The big picture#
TL;DRthe 30-second version
- There is no shared 'now' across machines. Quartz clocks drift at different rates, so timestamps from different hosts are never directly comparable.
- Cristian's algorithm asks a trusted time server, measures round-trip time (RTT), and estimates true time as the server's reply plus RTT/2 — with error bounded by RTT/2.
- The Berkeley algorithm has no authority: a coordinator polls everyone, averages the readings (discarding outliers), and tells each node a delta to apply — converging the cluster to its own internal average, not to real time.
- NTP scales Cristian's idea to the internet: a hierarchy of strata syncing down from atomic/GPS reference clocks, with statistical offset and delay filtering. PTP, GPS, and TrueTime push accuracy from milliseconds to microseconds.
- You can bound clock error but never eliminate it. When ordering must be exact, logical clocks (Lamport, vector) order events causally without relying on synchronized physical time.
Read the core sections top to bottom for the full mental model. The collapsible "Go deeper" box on logical clocks holds the alternative paradigm — ordering events without trustworthy physical time — that you can skip on a first pass and return to later.

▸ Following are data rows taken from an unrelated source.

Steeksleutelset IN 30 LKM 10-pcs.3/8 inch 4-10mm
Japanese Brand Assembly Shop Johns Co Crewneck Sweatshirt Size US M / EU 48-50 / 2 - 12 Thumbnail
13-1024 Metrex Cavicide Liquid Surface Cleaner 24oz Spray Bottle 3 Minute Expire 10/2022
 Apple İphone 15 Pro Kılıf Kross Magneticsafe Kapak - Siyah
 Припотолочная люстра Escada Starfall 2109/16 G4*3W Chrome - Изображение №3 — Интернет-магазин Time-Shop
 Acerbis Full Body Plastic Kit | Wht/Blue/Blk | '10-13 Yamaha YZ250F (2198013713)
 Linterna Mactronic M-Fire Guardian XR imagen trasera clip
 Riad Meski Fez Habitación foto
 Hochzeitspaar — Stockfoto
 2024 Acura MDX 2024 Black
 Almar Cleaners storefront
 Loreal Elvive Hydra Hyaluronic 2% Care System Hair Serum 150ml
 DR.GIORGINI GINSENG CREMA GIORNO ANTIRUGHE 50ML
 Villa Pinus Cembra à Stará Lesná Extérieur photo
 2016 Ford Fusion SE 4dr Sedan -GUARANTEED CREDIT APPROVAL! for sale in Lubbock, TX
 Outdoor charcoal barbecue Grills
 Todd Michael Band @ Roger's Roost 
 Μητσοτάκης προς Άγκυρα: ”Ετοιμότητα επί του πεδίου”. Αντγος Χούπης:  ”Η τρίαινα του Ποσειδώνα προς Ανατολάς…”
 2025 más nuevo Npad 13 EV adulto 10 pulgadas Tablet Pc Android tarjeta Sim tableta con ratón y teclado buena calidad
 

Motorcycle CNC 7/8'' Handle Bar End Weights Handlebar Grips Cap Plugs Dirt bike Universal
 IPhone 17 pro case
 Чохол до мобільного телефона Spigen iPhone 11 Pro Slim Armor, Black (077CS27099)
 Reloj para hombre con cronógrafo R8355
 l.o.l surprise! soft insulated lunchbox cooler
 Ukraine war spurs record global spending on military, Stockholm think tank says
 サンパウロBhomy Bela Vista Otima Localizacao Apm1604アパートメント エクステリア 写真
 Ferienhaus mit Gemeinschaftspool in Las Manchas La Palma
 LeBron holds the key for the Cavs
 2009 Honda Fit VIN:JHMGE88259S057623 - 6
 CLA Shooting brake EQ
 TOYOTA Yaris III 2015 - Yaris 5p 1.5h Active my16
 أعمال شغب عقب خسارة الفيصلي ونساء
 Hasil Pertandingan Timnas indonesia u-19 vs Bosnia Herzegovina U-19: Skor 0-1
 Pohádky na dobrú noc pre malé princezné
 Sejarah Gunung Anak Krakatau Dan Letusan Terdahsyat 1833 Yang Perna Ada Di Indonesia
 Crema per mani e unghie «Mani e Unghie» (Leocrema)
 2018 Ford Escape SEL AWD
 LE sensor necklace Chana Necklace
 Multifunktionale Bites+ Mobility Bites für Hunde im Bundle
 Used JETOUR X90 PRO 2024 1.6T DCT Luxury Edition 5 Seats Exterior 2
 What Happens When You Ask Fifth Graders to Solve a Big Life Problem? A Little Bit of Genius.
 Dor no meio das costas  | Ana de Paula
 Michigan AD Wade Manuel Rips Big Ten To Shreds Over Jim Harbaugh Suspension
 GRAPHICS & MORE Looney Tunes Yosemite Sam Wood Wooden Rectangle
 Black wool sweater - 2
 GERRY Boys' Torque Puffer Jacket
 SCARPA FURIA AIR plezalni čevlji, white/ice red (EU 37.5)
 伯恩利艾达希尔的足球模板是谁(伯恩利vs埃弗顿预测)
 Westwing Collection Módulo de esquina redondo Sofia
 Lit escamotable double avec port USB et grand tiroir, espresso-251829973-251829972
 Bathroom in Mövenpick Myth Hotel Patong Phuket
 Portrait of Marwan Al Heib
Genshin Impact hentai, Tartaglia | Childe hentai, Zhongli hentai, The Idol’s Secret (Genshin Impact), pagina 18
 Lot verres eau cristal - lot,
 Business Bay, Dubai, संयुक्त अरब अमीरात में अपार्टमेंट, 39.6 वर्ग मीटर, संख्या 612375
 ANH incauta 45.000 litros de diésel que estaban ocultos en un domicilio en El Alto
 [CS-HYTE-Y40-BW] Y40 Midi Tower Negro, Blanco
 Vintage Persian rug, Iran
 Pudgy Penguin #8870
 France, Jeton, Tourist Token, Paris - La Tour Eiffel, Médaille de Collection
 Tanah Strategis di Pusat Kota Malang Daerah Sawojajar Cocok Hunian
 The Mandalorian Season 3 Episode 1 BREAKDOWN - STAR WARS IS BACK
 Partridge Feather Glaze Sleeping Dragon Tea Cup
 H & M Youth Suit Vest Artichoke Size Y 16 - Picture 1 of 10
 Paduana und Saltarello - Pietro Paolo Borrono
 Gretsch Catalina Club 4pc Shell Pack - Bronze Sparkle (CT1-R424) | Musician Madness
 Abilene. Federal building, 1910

Start here: there is no global clock#
If every machine's clock were perfectly accurate, distributed systems would be much simpler — timestamps could be compared directly, TTLs would expire exactly on time, 'last write wins' would actually mean the most recent write won. None of that holds in practice. There is no central clock every machine reads from; each host keeps its own time using a quartz crystal oscillator, and those crystals are imperfect.
A quartz clock drifts. Its frequency depends on temperature, supply voltage, and physical aging, so a typical computer clock gains or loses on the order of tens of parts per million — roughly a few milliseconds every few seconds in the worst case, and seconds per day even in normal conditions. Two machines that agree exactly at noon will visibly disagree by evening. Crucially, they drift at different rates and in different directions, so the gap between any two clocks keeps changing.
- Event ordering breaks: if machine A timestamps an event 'after' an event on machine B, but A's clock runs slow, the timestamps can claim the wrong order — A's later event looks earlier.
- TTLs and cache expiry misfire: a 60-second TTL set by one server and checked by another expires early or late depending on the skew between them.
- Leases and locks become unsafe: a node may believe it still holds a lease that the grantor already considers expired, so two nodes act as leader at once.
- 'Last write wins' picks the wrong winner: LWW conflict resolution (Cassandra, DynamoDB) compares wall-clock timestamps, so a write from a fast-running clock can clobber a genuinely newer write from a slow one.
Cristian's algorithm: sync to an authority#
Cristian's algorithm (Flaviu Cristian, 1989) assumes one thing the Berkeley algorithm doesn't: a server whose clock is trusted — synced to a GPS receiver or an atomic clock, for instance. A client wanting the correct time talks to it directly and corrects for the round trip.
- The client records T0 — the time on its OWN (possibly wrong) clock — and sends a request to the server.
- The server stamps its reply with Ts, its own current time, and sends it back immediately.
- The client records T1 — again on its own clock — the moment the reply arrives.
- Round-trip time RTT = T1 − T0. Assuming the network delay was symmetric (half the RTT each way), the server's time at the moment the reply is processed is Ts + RTT/2 — the server's clock adjusted forward for the trip back. The client sets its clock to that.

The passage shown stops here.